Williman Palluth explained it this way:

“The eye automatically seeks out the most prominent objects or points of attraction in a picture, often jumping from one to another like stepping stones into the scene. If they are quite far apart, they may need to be loosely connected by a line or attraction such as a road or a path, or maybe a few fence posts to gently lead the eye.”


6. L-shaped compositions.

Imagine an L shape. It won’t work alone, but by adding a subject we can get a pleasing balanced subject. Where? Imagine it to roll from the top of the L along the bottom and settles off to the right. Placing a small subject here can balance the L beautifully. Painters often did this with a tree and a person beneath its extended bough. 


7. “If your pictures aren’t good enough, your not getting close enough”Robert Capa .

Getting close on a wide angle lens makes the viewer feel like they are there.

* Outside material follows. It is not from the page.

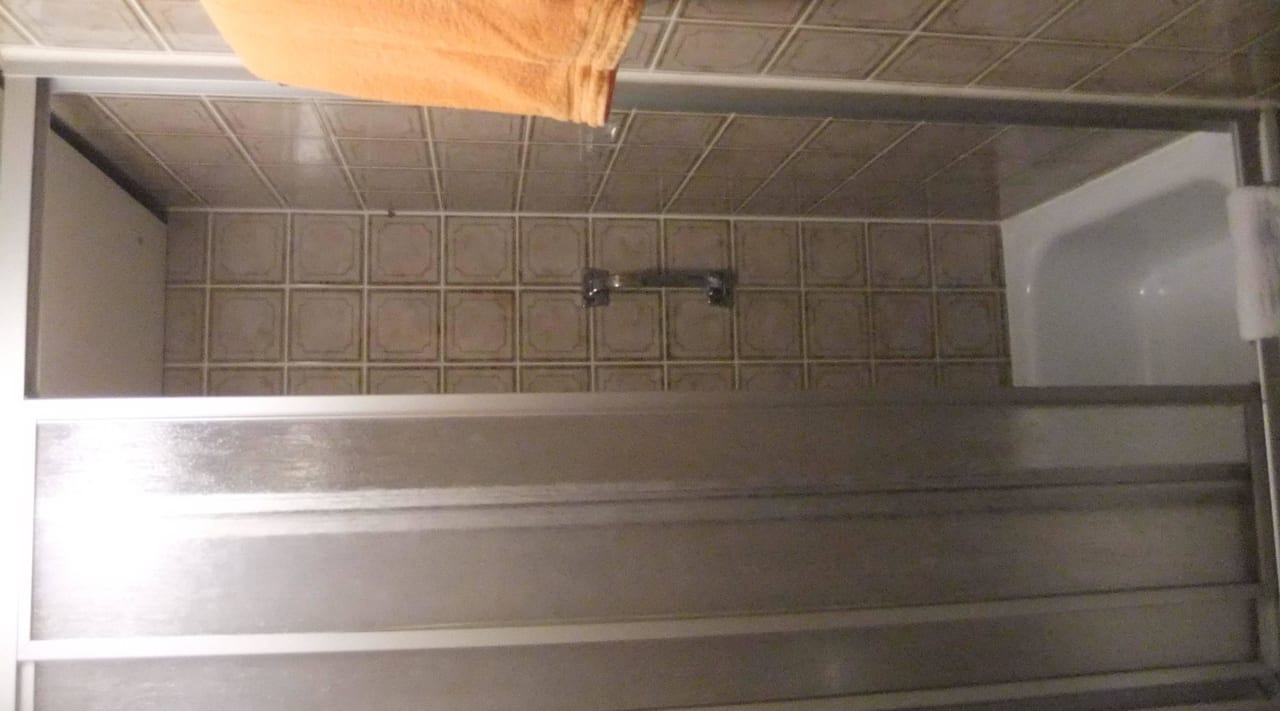 Bad zwar klein aber es reicht  Gasthof Zum Ott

If you’re afraid to disturb your subject. Move closer one step, wait, then another step and wait. Using this method rather than walking at someone is far less intimidating and they often become blind to the photographers presence by this slow acclimatisation!


8. Fill the frame. This is the newspaper photographers rule , especially for a tabloid newspapers where space is so limited . Practice using every last bit of space and completely filling the frame. Crop ruthlessly in camera by moving closer if you can. Often it’s easier to fill the frame on a telephoto lens.


9. Make your subject small but make them stand out. This can be achieved by shooting from a low angle into the sun, or maybe by placing your subject against a white area in your photo.


10. Notice the rhythm of your photographs: where the viewer’s eye enters and exits. “Eye Movement” is critical when the viewer interprets your image and you must try and think about this movement during the image making process. Look at how light moves through your photograph and where it takes your eye. If there is something that would pull the viewer’s eye away from the desired flow through your photograph (such as a splotch of light or reflection in a lower corner), compose your shot to avoid it in your frame. This goes back to being active. Always scan the edges and corners if every frame you shoot.